The Commission, a designated subcommittee, or member thereof, may hold such hearings as is deemed necessary to carry out the Commission's function. The Commission is granted the power to subpoena witnesses, books, records,

documents, etc., to be issued by the Chairman, or designated member of the Commission. The Chairman may enforce such subpoenas through the U.S. District Courts. Each department or agency of the executive branch of government, including independent agencies, is authorized and directed to furnish such data as the Commission requires to fulfill its functions upon the request of the Chairman. The Chairman is also authorized to seek relevant data and information from the appropriate offices of the several States.

$332,000 has been appropriated for fiscal year 1974 to carry out the provisions of the authorizing section, and $500,000 has been requested for fiscal year 1975.

SURVEY OF GOVERNORS AND STATE ATTORNEYS GENERAL ON S. 3418, PRIVACY, AND STATE LAWS

STATE OF ALABAMA

AUGUST 16, 1974.

Hon. SAM J. ERVIN, Jr.,

Chairman, Committee on Government Operations,
U.S. Senate, Washington, D.C.

DEAR SENATOR ERVIN: Thank you for your letter of June 25, 1974, in which you invited me to give my opinion concerning S. 3418. I appreciate very much the opportunity to submit my views on this important bill.

In answer to the question contained in your letter, I would like to inform you that no action is currently being taken on the State or local level in Alabama on privacy matters or issues.

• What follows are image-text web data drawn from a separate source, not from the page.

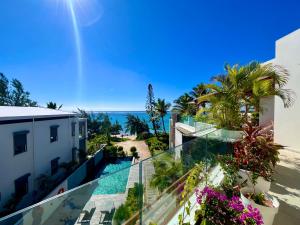 an apartment balcony with a view of the ocean at Breathtaking seaview penthouse - Belle Mare in Post of Flacq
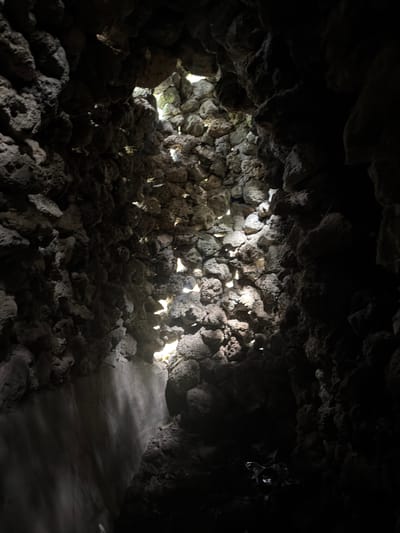 The image captures the interior of a dark, cavernous space, likely a cave or grotto, characterized by rough, dark grey rock formations. The scene is dominated by natural light filtering through numerous irregular openings between the rocks, primarily on the left and central parts of the frame. These bright shafts of light create dramatic contrasts, illuminating the rugged, porous texture of the stone walls and casting deep shadows in other areas.
The ceiling and walls are composed of densely packed, irregular stones, possibly volcanic rock, which create a raw and untamed atmosphere. No people are visible, and no specific activity is taking place. On the right side of the frame, a smoother, lighter-toned pathway or floor is discernible, suggesting a maintained area for visitors to traverse the dark environment. This pathway contrasts with the wilder, more chaotic rock formations. The strong directional light from outside indicates it is daytime. The overall impression is one of natural beauty and geological interest, with the interplay of light and shadow highlighting the cave's unique features. No text is visible in the image.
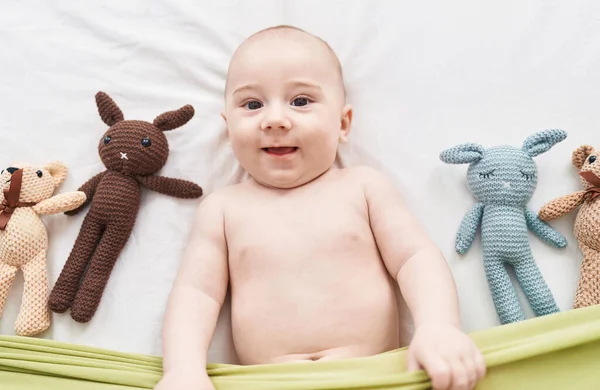 Sevimli Beyaz Bebek Yatakta Oyuncak Bebeklerle Gülümsüyor — Stok fotoğraf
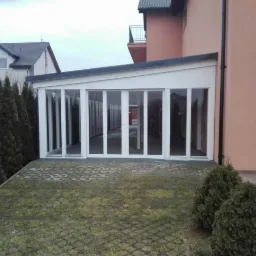 Zadaszony taras z białymi ramami okiennymi, przylegający do budynku z balkonem, wyłożony ażurowymi płytami z zielenią, otoczony tujami.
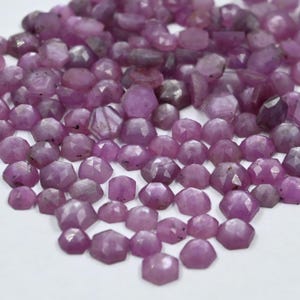 Puede incluir: Una colección de gemas facetadas de color rosa púrpura. Las gemas varían en tamaño y forma, con una mezcla de formas hexagonales e irregulares. Las gemas están dispersas sobre una superficie blanca, creando una exhibición visualmente atractiva de color y luz.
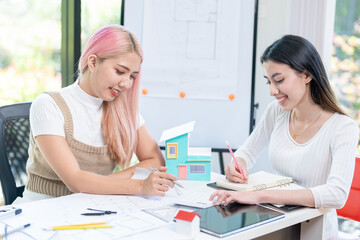 Concept of engineering consulting, Two female engineers discussing about model of building together; Two female architects are studying blueprint of building house.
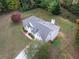 Aerial view of a two-story home with a well-manicured lawn and mature trees at 3529 Riverview Approach, Ellenwood, GA 30294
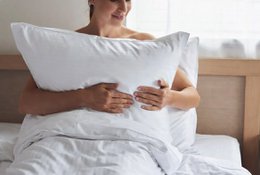  White polyester-cotton cushion cover, soft rectangular pillow case, bedroom bedding textile accessory.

I commend you, Senators Percy and Muskie, and the other members of Congress who are concerned about dangers to privacy and who are acting to protect the citizens of the United States in this vital and urgent area. Your concern is one which I share and it is particularly timely because of Watergate, as you pointed out on the floor of the Senate on May 1, 1974. However, there is at least one aspect of S. 3418 which I do not favor.

Many forms of crime represent the ultimate intrusion into privacy. Crime not only chills the exercise of precious rights but also destroys life and property as well as emotional well-being. It is a problem of alarming proportions and one which affects every American. Because of this, any legislative effort to protect privacy which makes it more difficult for law enforcement agencies to solve crimes and apprehend criminals raises difficult public policy questions.

The importance of ensuring individual rights of privacy and the need to wage an effective battle against crime pose a serious and complex problem. It is my opinion that this serious and complex problem deserves the individual consideration and treatment of special legislation. General privacy legislation is too blunt a tool for it, and both privacy and effective law enforcement can lose as a result. As merely one example consider the application of S. 3418 on the National Criminal Information Center system.

As a result of six years experience as a District Attorney and four years expe rience as an Attorney General, I am convinced that the N.C.I.C is one of the most effective tools law enforcement has. Because the N.C.I.C. helps solve crimes and apprehend criminals it saves countless lives and millions of dollars in property each year.

No provision of S. 3418 exempts the N.C.I.C. from the application of it. Section 202 (2) seems to provide no exemption for the N.C.I.C. because of the "except" clause in it. Given the applicability of S. 3418, certain of its provisions at least suggest potentially crippling restraints on the N.C.I.C. For example, what will be the impact of Section 201 (a) (2)? Will Section 201 (d) (3)(B) jeopardize the security of informants?

Will Section 201(d) (3) (c) require disclosure of an investigation at a time when it is crucial to keep the fact of the invesigation secret? To consider a more specific and a timely example, note the possible impact of Section 201 (a) (13) on criminal information files about such political terrorist groups as the Weathermen and the Symbionese Liberation Army. Can it be said with certainty that Section 201 (a) (13) would permit a law enforcement agency to identify a criminal in N.C.I.C. or other files as a member of those two or other political terrorist groups? If not, then the bill will unnecessarily hinder the identification and apprehension of persons responsible for kidnappings, robberies, bombings, and other violent crimes.